Y refiriéndose a algunos que se tenían por
justos y despreciaban a los demás, dijo también esta parábola: "Dos
hombres subieron al Templo para orar: uno era fariseo y el otro, publicano. El
fariseo, de pie, oraba así: 'Dios mío, te doy gracias porque no soy como los
demás hombres, que son ladrones, injustos y adúlteros; ni tampoco como ese
publicano. Ayuno dos veces por semana y pago la décima parte de todas mis
entradas'.
En cambio el publicano, manteniéndose a distancia,
no se animaba siquiera a levantar los ojos al cielo, sino que se golpeaba el
pecho, diciendo: '¡Dios mío, ten piedad de mí, que soy un pecador!'.
Les aseguro que este último volvió a su casa
justificado, pero no el primero. Porque todo el que se ensalza será humillado y
el que se humilla será ensalzado".
“Dios mío, ten compasión de mí que soy un pecador.”
“Inclina
tu oído, Señor, escúchame, que soy humilde y pobre.” (Sal 85,1) El Señor no
inclina su oído al rico sino al pobre y miserable, al que es humilde y confiesa
sus faltas, al que implora la misericordia. No se inclina al satisfecho que se
jacta y se envanece como si nada le faltara y que dijo: “Dios mío, te doy
gracias porque no soy como el resto de los hombres,... ni como ese publicano.”

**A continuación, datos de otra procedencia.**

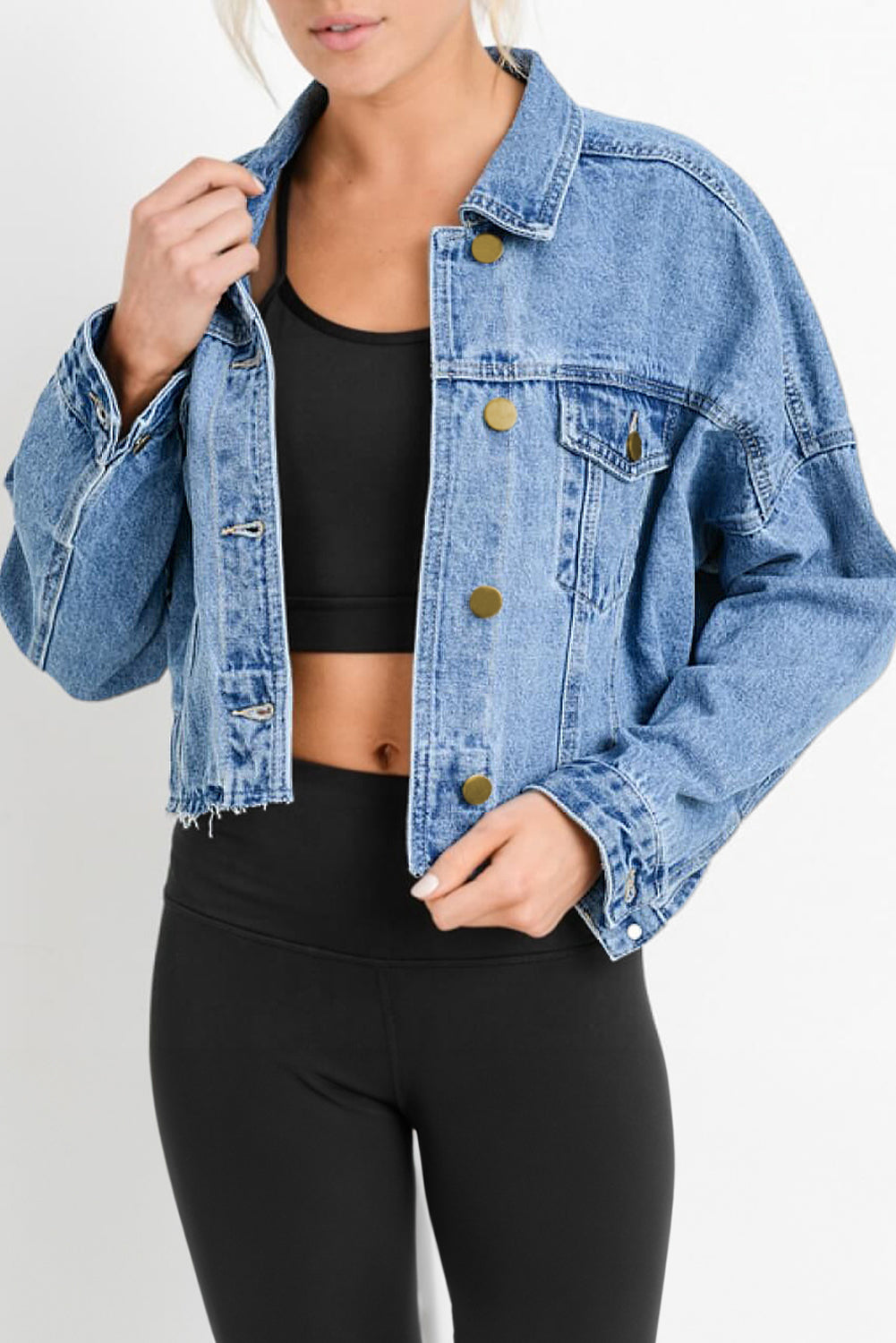 Cali Chic Sky Blue Medium Wash Chunky Cropped Denim Jacket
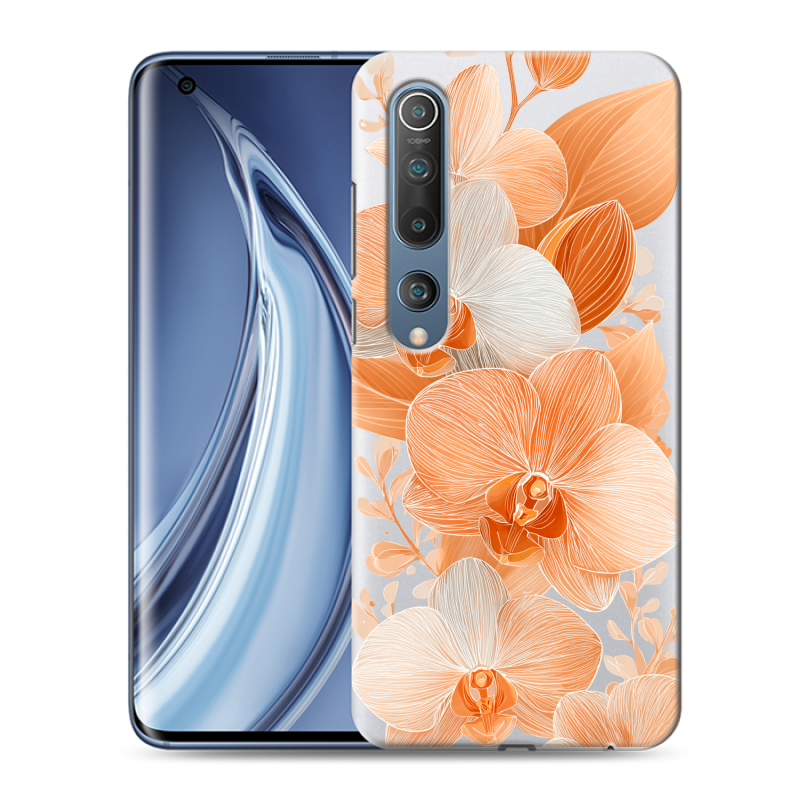 Силиконовый чехол на Xiaomi Mi 10 с принтом Бежевые цветы Силиконовый чехол на Xiaomi Mi 10 с принтом Бежевые цветы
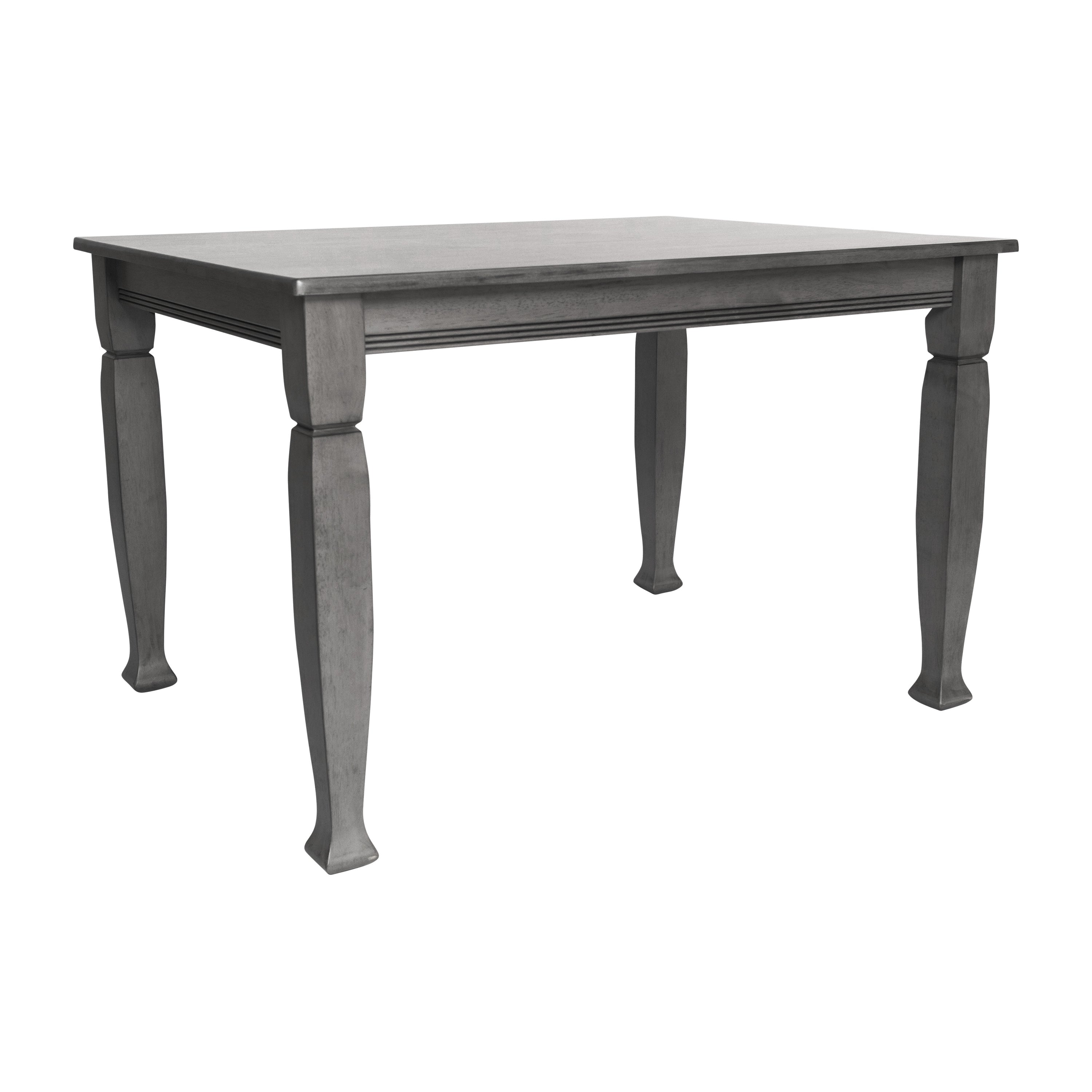 Grace 47" Solid Wood Dining Table with Turned Wooden Legs, Commercial Grade Heavy Duty Rectangle Wood Table for 4, Antique Gray Finish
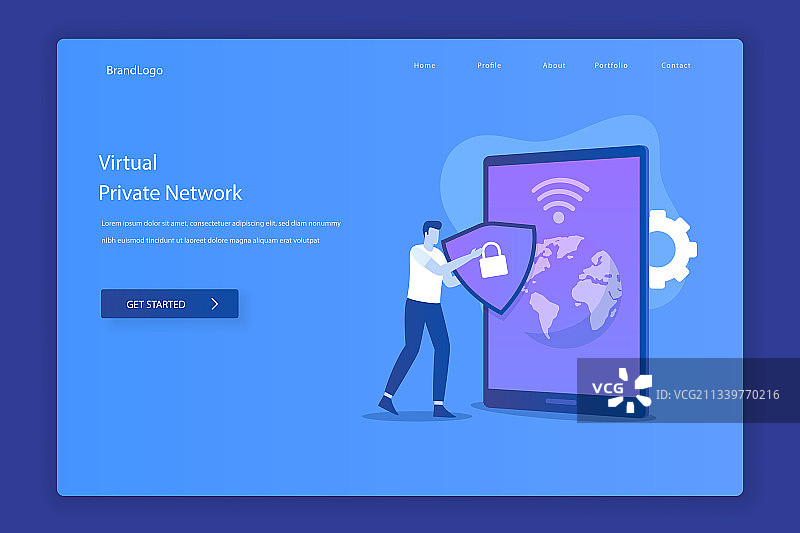 VPN登录页面概念图片素材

(Lc 18,11) El rico fariseo exhibía sus méritos, el pobre publicano confesaba
sus pecados.
Todos los que rechazan el orgullo son pobres delante de Dios
y sabemos que Dios tiende su oído hacia los pobres y los indigentes. Reconocen
que su esperanza no puede apoyarse ni en oro o plata ni en sus bienes que, por
un tiempo, enriquecen su morada... Cuando un hombre menosprecia en sí todo
aquello que infla el orgullo es pobre ante Dios. Dios inclina hacia él su oído
porque conoce los sufrimientos de su corazón.
Aprended, pues, a ser pobres e indigentes, teniendo o
no teniendo bienes de este mundo. Uno puede encontrar a un mendigo orgulloso y
a un rico convencido de su miseria. Dios se niega a los orgullosos, tanto si
van vestidos de seda o cubiertos de harapos. Otorga su gracia a los humildes,
sean o no notables de este mundo. Dios mira lo interior: aquí examina y juzga.
Tú no ves la balanza de Dios. Tus sentimientos, tus proyectos, los mete en el
platillo... ¿Hay a tu alrededor o dentro de ti algún objeto que estás tentado a
retener para ti?
¡Recházalo! Que sólo Dios sea tu seguridad. ¡Estad
hambrientos de Dios para que él os sacie!